Blues was always music to dance to, a way to forget your troubles in a dusty juke joint on a Saturday night. Some juke-joints still operate, but they are few. Po' Monkey's, just outside Merigold (there's no address, it's in a cotton field, ask around) has been open since 1963 and remains one of the most loved.
Memphis In Memphis, blues, country and gospel music fused to form rock '*' roll. Much of the musical experimentation took place in the bars and clubs of Beale Street – and in church – but the most potent alchemy took place in a one-room recording studio. Sam Phillips, founder of Sun Records, discovered a truly astonishing roster of talent: BB King, Jerry Lee Lewis, Johnny Cash and – most famously – Elvis Presley. Most towns of half a million or so people could only dream of finding so much talent but somehow, Memphis did it twice.

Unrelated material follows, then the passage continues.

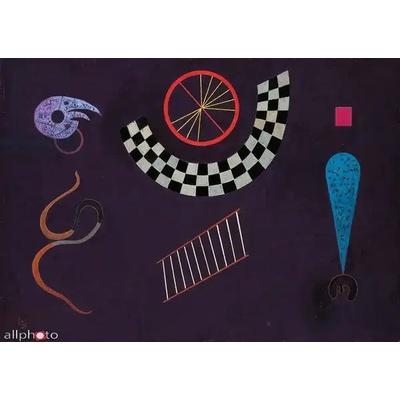 Obrazy - Kandinsky, Wassily: Stuha se čtverci - reprodukce obrazu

Jim Stewart and Estelle Axton opened their soul label, Stax Records (first called Satellite), in the old Capitol Theater in 1959 and over the next decade recorded the likes of Otis Redding, Isaac Hayes and Booker T & the MGs. The Stax Museum of American Soul Music (926 E McLemore Avenue; 001 901 942 2535; staxmuseum.com) offers an imaginative introduction to music which reached far beyond America.